Я отдавал себе отчет, что речь здесь шла об упрощенных реакциях субъекта, которые, находя выражение во фразах типа я люблю / я не люблю, как бы останавливаются на полуслове; а у кого из нас нет своей внутренней шкалы пристрастий, неприязней и того, что оставляет безразличным? Но у меня всегда было стремление аргументировать свои настроения; аргументировать не с целью их оправдания, еще меньше для того, чтобы заполнить своей индивидуальностью сцену текста, но, напротив, чтобы растянуть эту индивидуальность до науки о субъекте, название которой не имеет значения при условии, что она (пока не произошло ничего похожего) достигнет уровня всеобщности, не редуцирующего, не превращающего в ничто меня самого. Так что нужно было браться за дело.

7

Тогда я решил взять за путеводную нить моего нового анализа притягательность, которой обладали для меня некоторые фотографии. Ибо по крайней мере эта притягательность сомнений не вызывала. Какое имя ей дать? Ослепление? Нет, конкретное фото, которое я выделяю и люблю, не имеет ничего общего с блестящей точкой, раскачивающейся перед глазами и вызывающей головокружение; производимое им во мне состояние противоположно оцепенению, это скорее внутренняя возбужденность, праздник, но и труд, давление невыразимого, которое хочет себя высказать. Тогда что же это? Интерес? Во всяком случае, интерес мимолетный; я не имею нужды допрашивать свою взволнованность, чтобы перечислить причины, побуждающие меня интересоваться фотографией: можно либо желать предмет, пейзаж, тело, которые на ней представлены, либо в настоящем или прошлом любить сфотографированное существо, либо удивляться тому, что видишь, либо восхищаться или обсуждать результаты работы фотографа и т. д. и т. п. Но все эти интересы не выражены и разнородны: конкретное фото может удовлетворять какой-то из этих интересов и при всем том мало меня занимать, а если другое фото очень меня интересует, мне хотелось бы знать, что в нем составляет для меня tilt. Мне показалось, что словом, наиболее подходящим для того, чтобы (пусть предварительно) обозначить притягательность, какой обладают для меня некоторые фотографии, является слово «приключение». Одно фото во мне «приключается», другое — нет.

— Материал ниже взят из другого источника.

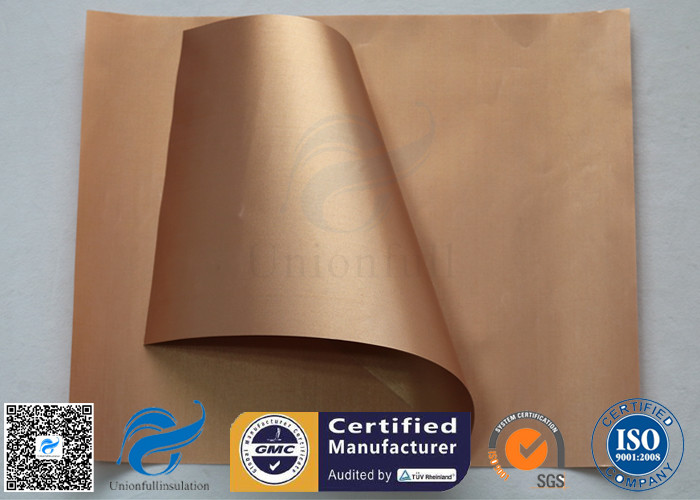 FDA 0.2mm Copper Non Stick Mats For Cooking / BBQ Grill PTFE Oven Pan Liner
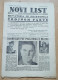 Novi List 1941 Br. 48 NDH Croatia Ustasa Newspaper Mussolini, Pavelic, Hitler, Mile Budak - Andere & Zonder Classificatie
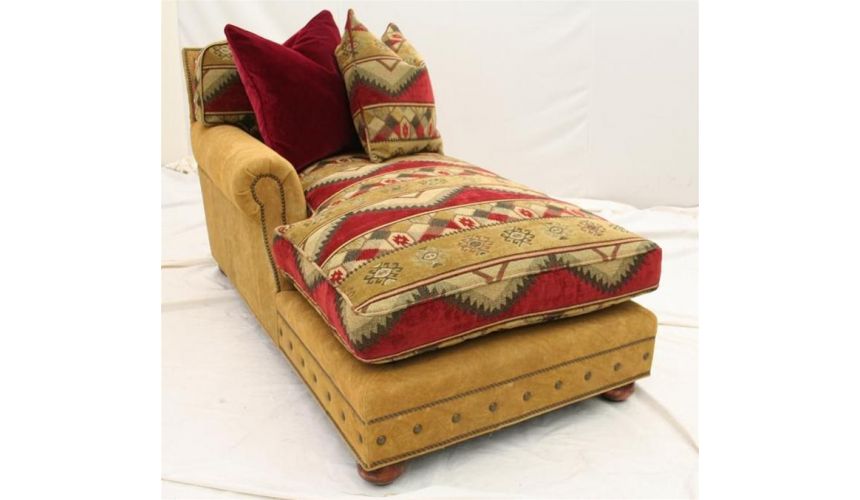 Luxury furniture, chaise sectional sofa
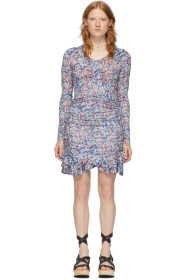 Isabel Marant - Blue & Multicolor Sabria Dress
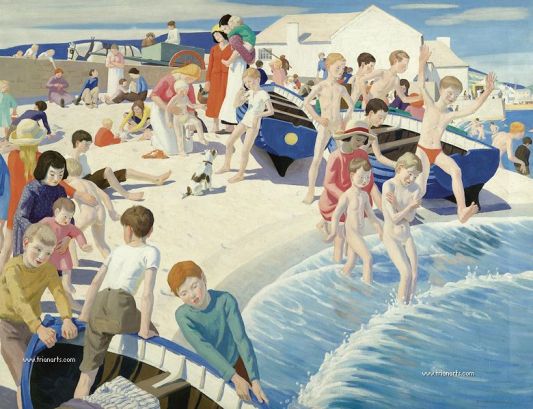 780 Ernest Procter - 1 On the Beach at Newlyn.jpg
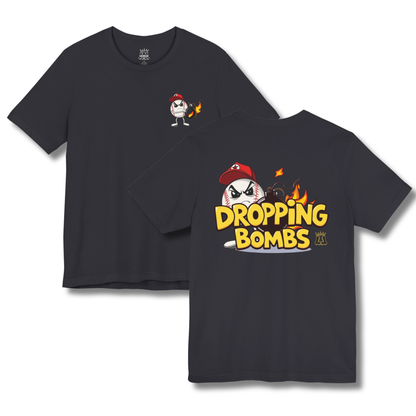 Youth "Dropping Bombs" Baseball Humor Tee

Принцип приключения дает Фотографии возможность существовать для меня. И наоборот, без приключения нет и фото. Процитирую Сартра: «Журнальные фотографии могут с успехом „мне ни о чем не говорить“, т. е. я рассматриваю их, не занимая никакой экзистенциальной позиции. В таком случае личности, фотографии которых я разглядываю, хотя и доступны благодаря фото, но вне экзистенциальной позиции, точно также, как Рыцарь и Смерть хотя и постигаются благодаря гравюре Дюрера, но мной не полагаются. Бывают случаи, когда фотография оставляет меня безразличным настолько, что я не удосуживаюсь даже „превратить ее в образ“. Снимок неопределенно конституируется в качестве объекта, а изображенные на нем персонажи конституируются в качестве персонажей, но исключительно по причине своего сходства с человеческими существами, вне какой-то особой интенциональности».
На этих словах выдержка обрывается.